Born and raised in St. Petersburg, Officer Iwanowski has been serving and protecting the “Gateway to the Gulf” since 2006. She holds a Bachelor’s degree in criminology from the University of South Florida and certifications in sex crimes investigations and crimes against children (amongst others). She serves as a crime prevention practitioner, a crisis intervention team member, and as the point of contact for the local human trafficking task force. She also makes a mean chocolate cake.
“I like baking a lot. You can ask any of the officers here,” Officer Iwanowski told the Gabber. “They’ve become my guinea pigs. If I start baking and have a new recipe, it comes to the police department so they can try it out.”
Refining baked goods is one thing, but refining a police officer is a whole different slice of cake.
“I finally felt ready,” said Officer Iwanowski of training rookie officers. “I actually have enough knowledge to help people get into this job and be the best officers they can [be].”
For eight months last year, Officer Iwanowski served as both the acting supervisor of the Gulfport Police Department’s Charlie squad, and as a field-training officer for seven new officers – a task that called for the overseeing of at least one phase of each new officer’s training.
“I’m really proud to say that I’ve trained them,” said Officer Iwanowski. “A lot of them are doing really well.”
Contributing to the success of others is something that appears to come naturally to Officer Iwanowski.

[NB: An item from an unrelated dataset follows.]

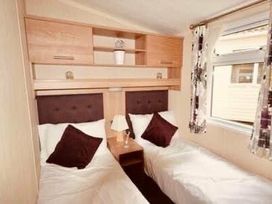 Church Farm Holiday Village - Holiday Accommodation 11680 - Hampshire - 1185088 - thumbnail photo 8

Her summations of her work in the field only reflect this.
“Seeing some of the people you’ve dealt with on call that have been able to turn their lives around,” she says, “domestic violence situations where you’ve actually responded to the house and you actually get to witness that female get out of that situation and turn her life around – it’s gratifying.”
Officer Iwanowski’s sense of compassion, however, doesn’t come without presenting its own challenges.
“You’re dealing with people sometimes who are at their worst,” says Officer Iwanowski, “especially if you’re dealing with somebody who’s been abused … The human part of you wants to react because you don’t understand how somebody would want to do something to another person like that. But ultimately you just have to let cooler heads prevail and investigate it and go from there.”
Each year Gulfport Police Chief Robert Vincent and his staff review nominations for Officer of the Year. This year’s choice was unanimous.